XML:Storage of XML Data

Storage of XML Data

Many applications require storage of XML data. One way to store XML data is to convert it to relational representation, and store it in a relational database. There are several alternatives for storing XML data, briefly outlined here.

Relational Databases

Since relational databases are widely used in existing applications, there is a great benefit to be had in storing XML data in relational databases, so that the data can be accessed from existing applications.

Converting XML data to relational form is usually straightforward if the data were generated from a relational schema in the first place, and XML was used merely as a data exchange format for relational data. However, there are many applications where the XML data is not generated from a relational schema, and translating the data to relational form for storage may not be straightforward. In particular, nested elements and elements that recur (corresponding to set valued attributes) complicate storage of XML data in relational format. Several alternative approaches are available:

Store as string. A simple way to store XML data in a relational database is to store each child element of the top-level element as a string in a separate tuple in the database. For instance, the XML data in Figure 10.1 could be stored as a set of tuples in a relation elements(data), with the attribute data of each tuple storing one XML element (account, customer, or depositor) in string form.

While the above representation is easy to use, the database system does not know the schema of the stored elements. As a result, it is not possible to query the data directly. In fact, it is not even possible to implement simple selections such as finding all account elements, or finding the account element with account number A-401, without scanning all tuples of the relation and examining the contents of the string stored in the tuple.

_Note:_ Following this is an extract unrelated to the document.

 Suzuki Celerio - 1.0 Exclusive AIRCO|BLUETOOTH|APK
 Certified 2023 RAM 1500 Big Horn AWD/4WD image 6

A partial solution to this problem is to store different types of elements in different relations, and also store the values of some critical elements as attributes of the relation to enable indexing. For instance, in our example, the relations would be account-elements, customer-elements, and depositor-elements, each with an attribute data. Each relation may have extra attributes to store the values of some subelements, such as account-number or customer-name. Thus, a query that requires account elements with a specified account number can be answered efficiently with this representation. Such an approach depends on type information about XML data, such as the DTD of the data.

Some database systems, such as Oracle 9, support function indices, which can help avoid replication of attributes between the XML string and relation attributes. Unlike normal indices, which are on attribute values, function indices can be built on the result of applying user-defined functions on tuples.

For instance, a function index can be built on a user-defined function that returns the value of the account-number subelement of the XML string in a tuple.

The index can then be used in the same way as an index on a account-number attribute.

The above approaches have the drawback that a large part of the XML information is stored within strings. It is possible to store all the information in relations in one of several ways which we examine next.

Tree representation. Arbitrary XML data can be modeled as a tree and stored using a pair of relations:

nodes(id, type, label, value) child(child-id, parent-id)

Each element and attribute in the XML data is given a unique identifier. A tuple inserted in the nodes relation for each element and attribute with its identifier (id), its type (attribute or element), the name of the element or attribute (label), and the text value of the element or attribute (value). The relation child is used to record the parent element of each element and attribute. If order information of elements and attributes must be preserved, an extra attribute position can be added to the child relation to indicate the relative position of the child among the children of the parent. As an exercise, you can represent the XML data of Figure 10.1 by using this technique.

This representation has the advantage that all XML information can be represented directly in relational form, and many XML queries can be translated into relational queries and executed inside the database system. However, it has the drawback that each element gets broken up into many pieces, and a large number of joins are required to reassemble elements.

Map to relations. In this approach, XML elements whose schema is known are mapped to relations and attributes. Elements whose schema is unknown are stored as strings, or as a tree representation.

A relation is created for each element type whose schema is known. All attributes of these elements are stored as attributes of the relation. All subelements that occur at most once inside these element (as specified in the DTD) can also be represented as attributes of the relation; if the subelement can contain only text, the attribute stores the text value. Otherwise, the relation corresponding to the subelement stores the contents of the subelement, along with an identifier for the parent type and the attribute stores the identifier of the subelement. If the subelement has further nested subelements, the same pro- cedure is applied to the subelement.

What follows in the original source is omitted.